▶ [LISTED ENTRIES]:
----

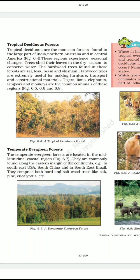Namasivaya children. Today I will do class 7 Geography, chapter number 6, Natural Vegetation and Wildlife. In the previous class, we came to know about the evergreen forest.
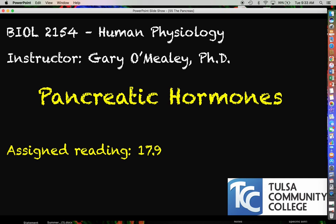Hello everyone, my name is Gary O'Meally and in this video we are going to talk about the pancreas and its endocrine functions and the hormones that it secretes.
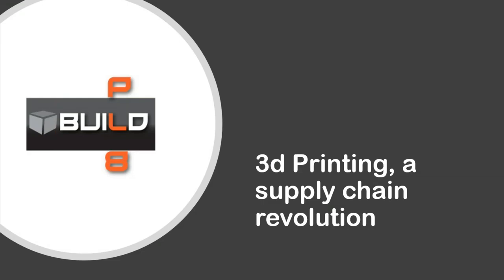Good morning, everyone, and welcome to 3D Printing, a Supply Chain Revolution. I'm Vinny Civitello, Communications Manager for the New Jersey Business and Industry Association.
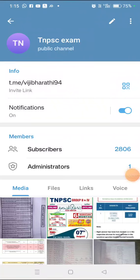Hi friends! How to search the notes on Telegram? I will tell you about the doubts. You can tell us about the recent notes in your YouTube.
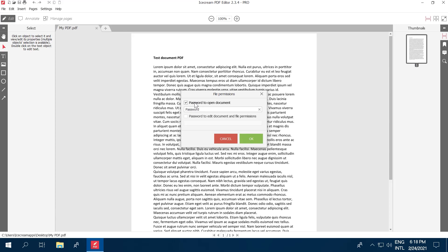The second option is Password to edit document and file permission. This grants access to print, edit, and save the document as well as read it. To use this, click on the check box and enter a new password, different from the previous one.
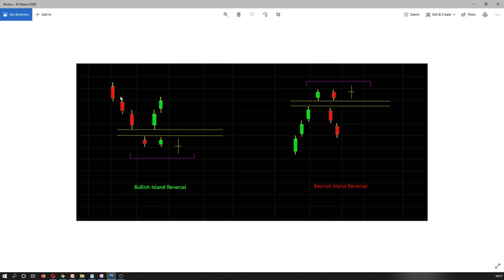Similarly, for a long position after a bullish Island Reversal, your buy entry should be initiated at the high of the third candle, and your stop loss is placed at the low of the second candle. So to summarize: short entry at the low of candle 3, stop loss at the high of candle 2; long entry at the high of candle 3, stop loss at the low of candle 2.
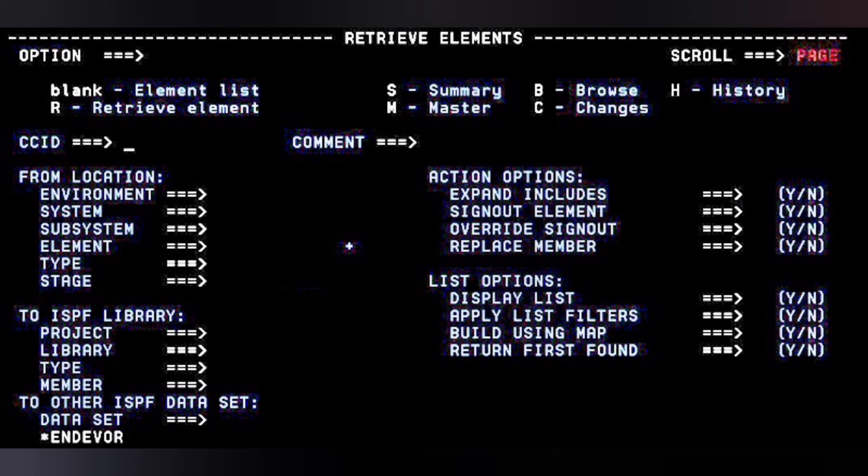If Sign Out Element is N and Override Sign Out is Y, it will override the element already retrieved by another person and fetch a copy of that element into your partition PDS library. The Replace Member option should be Y if that element member name already exists in the PDS, or N if the element is not yet present in the PDS.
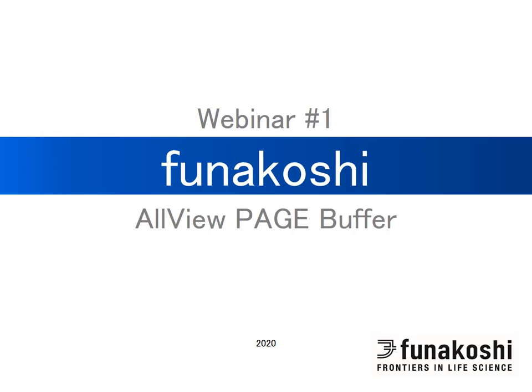Thank you for joining today's webinar. We'd like to introduce you to AllView Page Buffer, an innovative running buffer which gives similar gradient separation profile using a single percentage gel and has extremely fast electrophoresis run times.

----

▶ [WORK REQUIRED]:
Repeat the entries exactly, pictures left out.

▶ [EXPECTED OUTPUT]:
Namasivaya children. Today I will do class 7 Geography, chapter number 6, Natural Vegetation and Wildlife. In the previous class, we came to know about the evergreen forest.
Hello everyone, my name is Gary O'Meally and in this video we are going to talk about the pancreas and its endocrine functions and the hormones that it secretes.
Good morning, everyone, and welcome to 3D Printing, a Supply Chain Revolution. I'm Vinny Civitello, Communications Manager for the New Jersey Business and Industry Association.
Hi friends! How to search the notes on Telegram? I will tell you about the doubts. You can tell us about the recent notes in your YouTube.
The second option is Password to edit document and file permission. This grants access to print, edit, and save the document as well as read it. To use this, click on the check box and enter a new password, different from the previous one.
Similarly, for a long position after a bullish Island Reversal, your buy entry should be initiated at the high of the third candle, and your stop loss is placed at the low of the second candle. So to summarize: short entry at the low of candle 3, stop loss at the high of candle 2; long entry at the high of candle 3, stop loss at the low of candle 2.
If Sign Out Element is N and Override Sign Out is Y, it will override the element already retrieved by another person and fetch a copy of that element into your partition PDS library. The Replace Member option should be Y if that element member name already exists in the PDS, or N if the element is not yet present in the PDS.
Thank you for joining today's webinar. We'd like to introduce you to AllView Page Buffer, an innovative running buffer which gives similar gradient separation profile using a single percentage gel and has extremely fast electrophoresis run times.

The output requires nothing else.